WHAT THE EXERCISE ASKS: Leaving out the pictures, return word for word the stretch of entries below from the line holding "Классический фаршированный перец" through the line holding "What's prettier me or the flowers? 🌸".

AVAILABLE RECORDS:
[Start of Attachment]

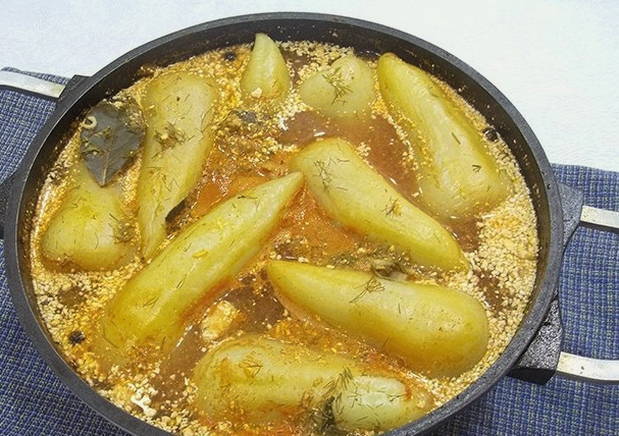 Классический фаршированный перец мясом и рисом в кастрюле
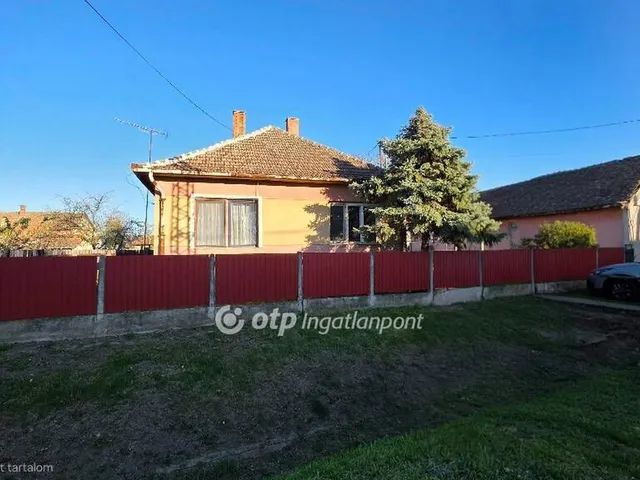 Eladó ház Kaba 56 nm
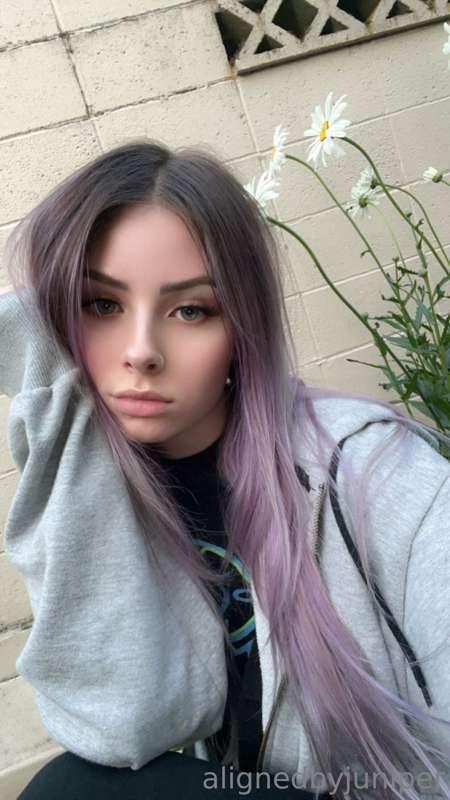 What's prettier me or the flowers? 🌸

[End of Attachment]
[Start of Attachment]

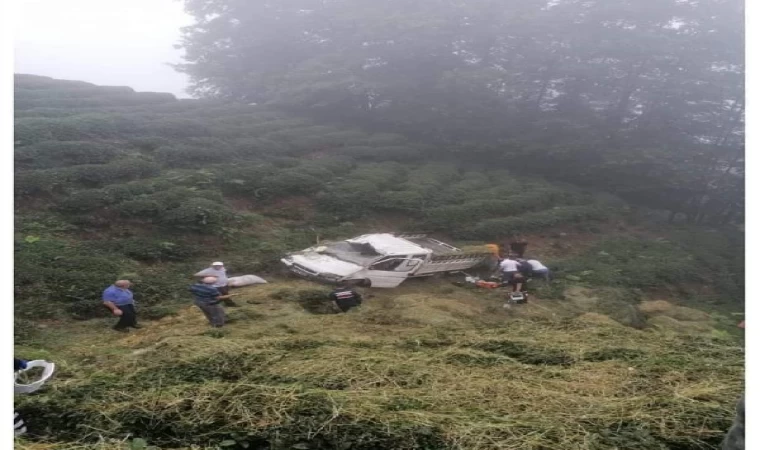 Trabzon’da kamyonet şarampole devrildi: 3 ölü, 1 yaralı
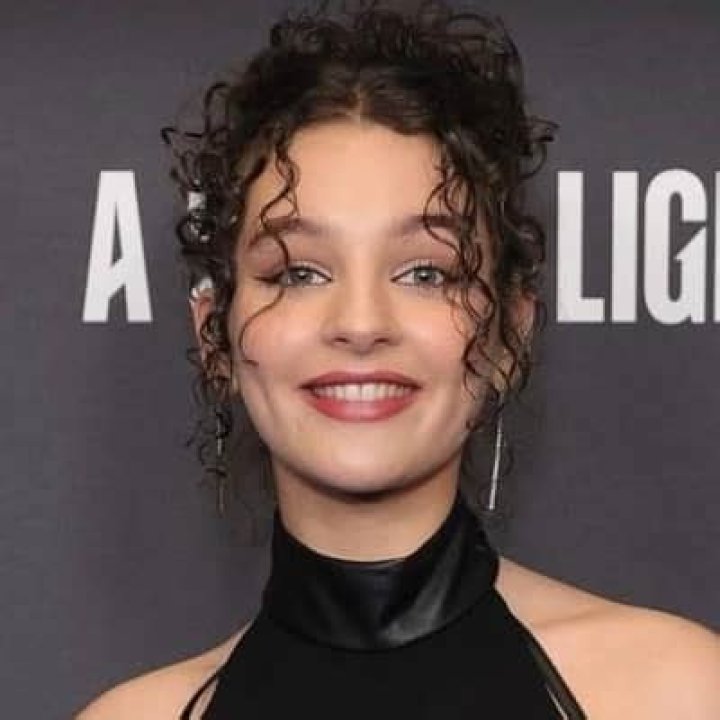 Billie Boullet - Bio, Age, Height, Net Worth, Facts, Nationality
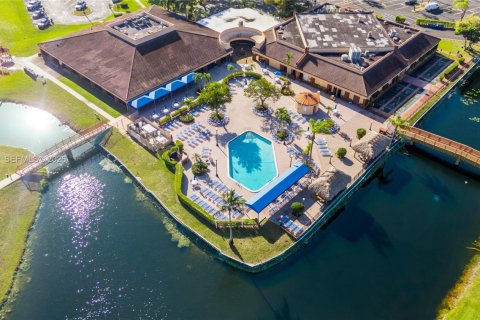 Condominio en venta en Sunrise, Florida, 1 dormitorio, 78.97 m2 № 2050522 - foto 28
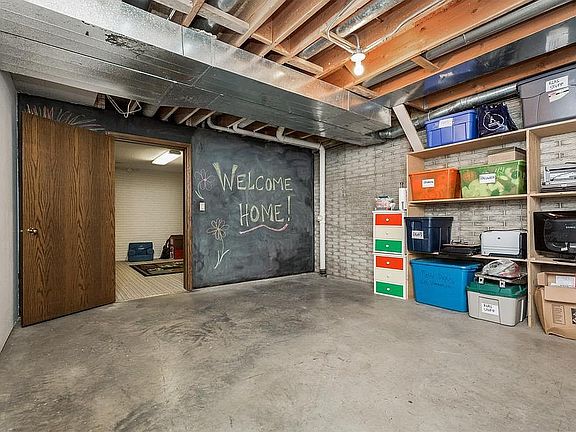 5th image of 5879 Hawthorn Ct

[End of Attachment]
[Start of Attachment]

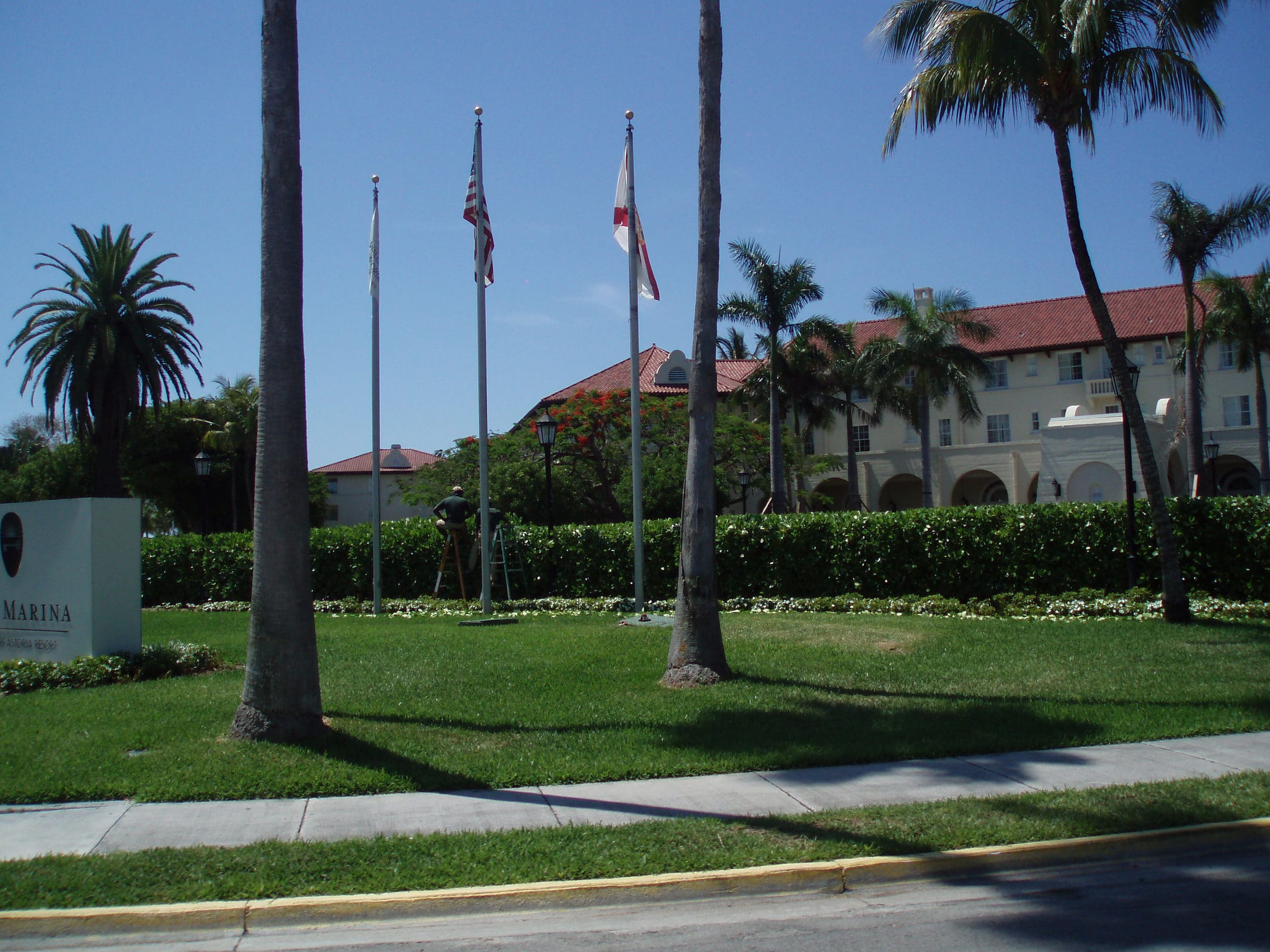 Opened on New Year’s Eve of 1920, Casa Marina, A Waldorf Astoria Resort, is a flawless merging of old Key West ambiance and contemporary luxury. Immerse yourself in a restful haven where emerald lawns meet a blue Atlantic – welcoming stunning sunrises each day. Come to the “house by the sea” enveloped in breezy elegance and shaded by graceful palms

[End of Attachment]

ANSWER FOR THIS EXERCISE:
 Классический фаршированный перец мясом и рисом в кастрюле
 Eladó ház Kaba 56 nm
 What's prettier me or the flowers? 🌸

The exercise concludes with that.